> Task goal
Could you set down the lines from the first line of the entries below through the line with "A Woman Is Standing", exactly and with no pictures?
Content starts
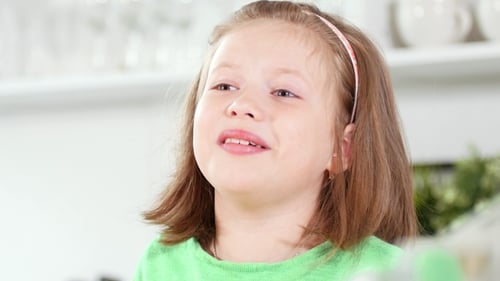 Baby Girl Laughing Pointing Finger and Having Fun at Studio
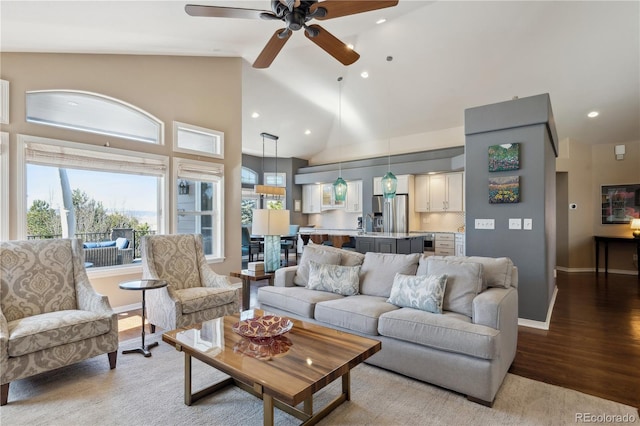 living area with recessed lighting, light wood-style flooring, ceiling fan, high vaulted ceiling, and baseboards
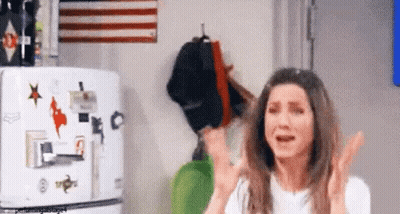A Woman Is Standing In Front Of A Refrigerator With Stickers On It And Crying . GIF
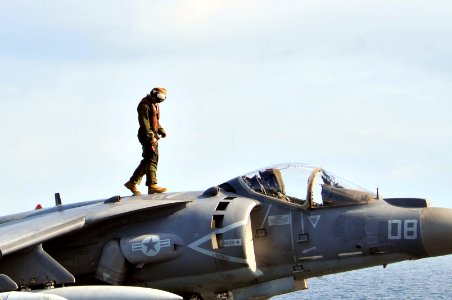 US Navy 120202-N-UM734-412 A Marine assigned to Marine Fighter Squadron (VMA) 231 inspects an AV-8B Harrier before flight operations aboard the amp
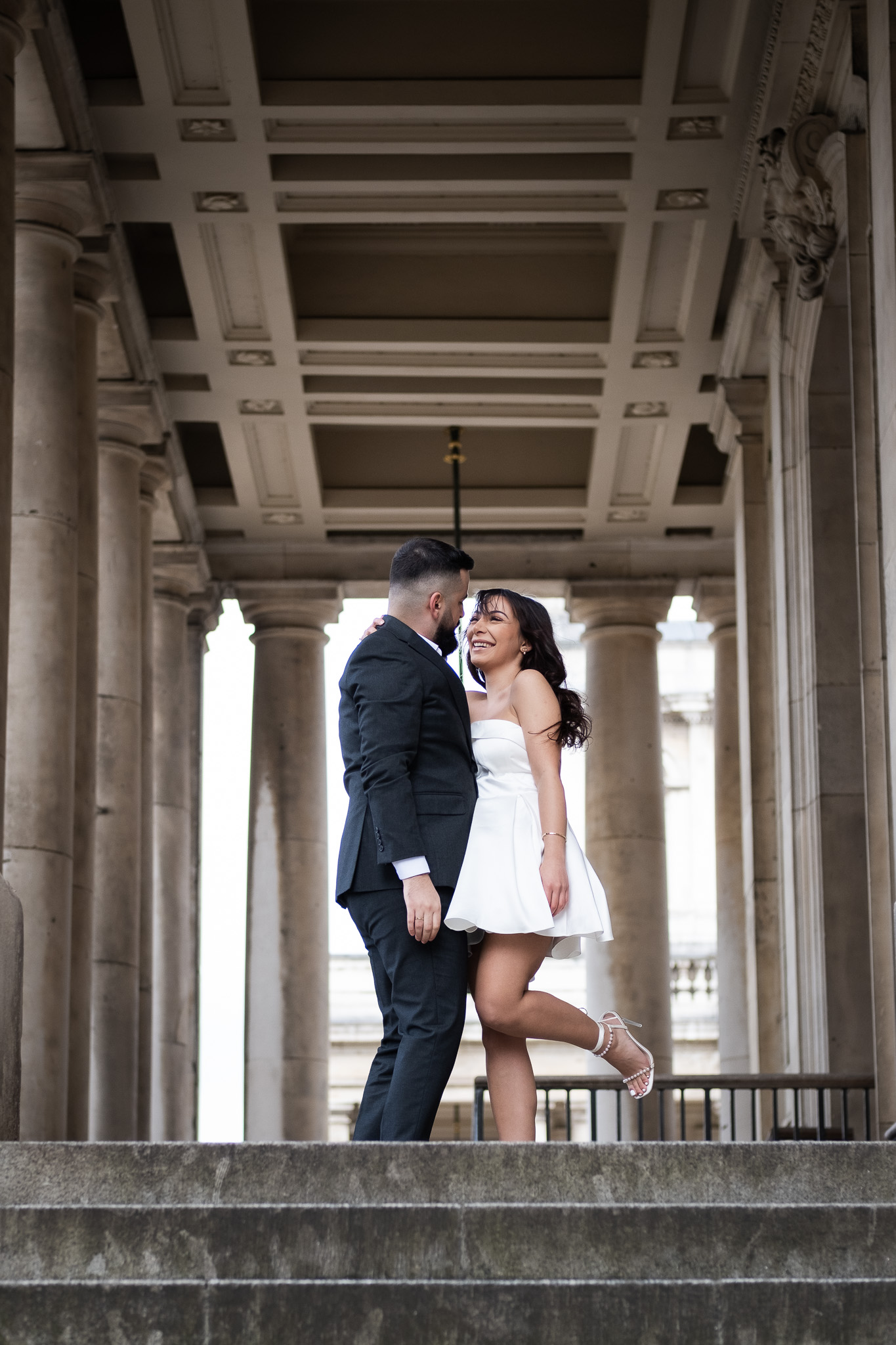 Couple posing in front of stairs in Greenwich, man is kissing the woman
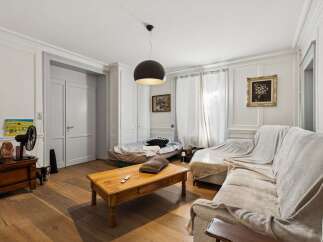 This living room features a comfortable sectional sofa draped with a light-colored throw, perfect for relaxing.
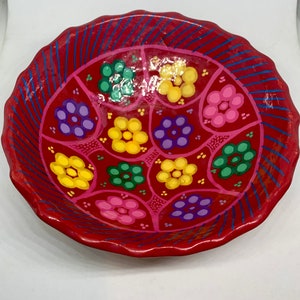 Pode incluir: Uma tigela de cerâmica vermelha com uma borda ondulada e um design decorativo de flores coloridas. As flores são pintadas em tons de amarelo, verde, roxo e rosa.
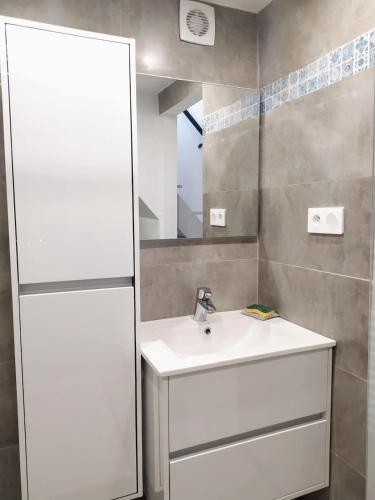 une salle de bain avec un lavabo blanc et un miroir dans l'établissement Cascade Esacapade Duplex, à Nice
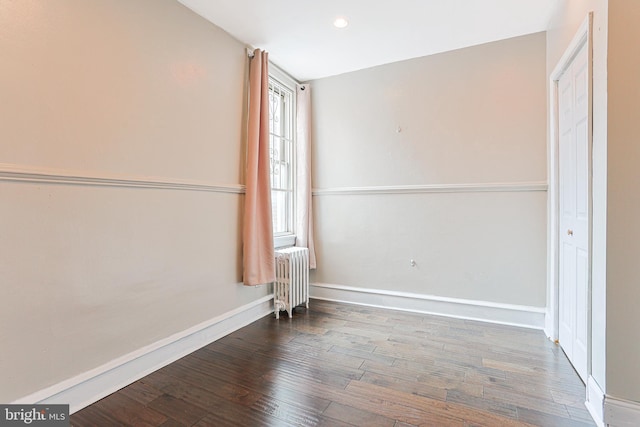 4719 Rorer St, Philadelphia, PA 19120 - unfurnished room with radiator heating unit, wood finished floors, baseboards, and recessed lighting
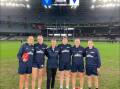 Pioneers Vic Country representatives and coach Whitney Kennedy in the centre of Marvel Stadium on Sunday. Picture by La Trobe University Bendigo Pioneers Facebook Page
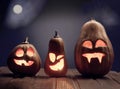 Jack o lanterns Halloween pumpkin face on wooden background Royalty Free Stock Photo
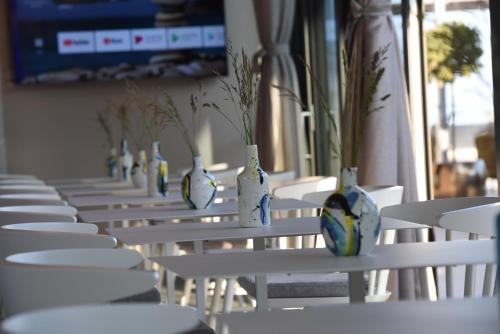 a row of white chairs with vases on them at Floria Glamping Garden in Labin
Content ends
> Exercise answer
 Baby Girl Laughing Pointing Finger and Having Fun at Studio
 living area with recessed lighting, light wood-style flooring, ceiling fan, high vaulted ceiling, and baseboards
A Woman Is Standing In Front Of A Refrigerator With Stickers On It And Crying . GIF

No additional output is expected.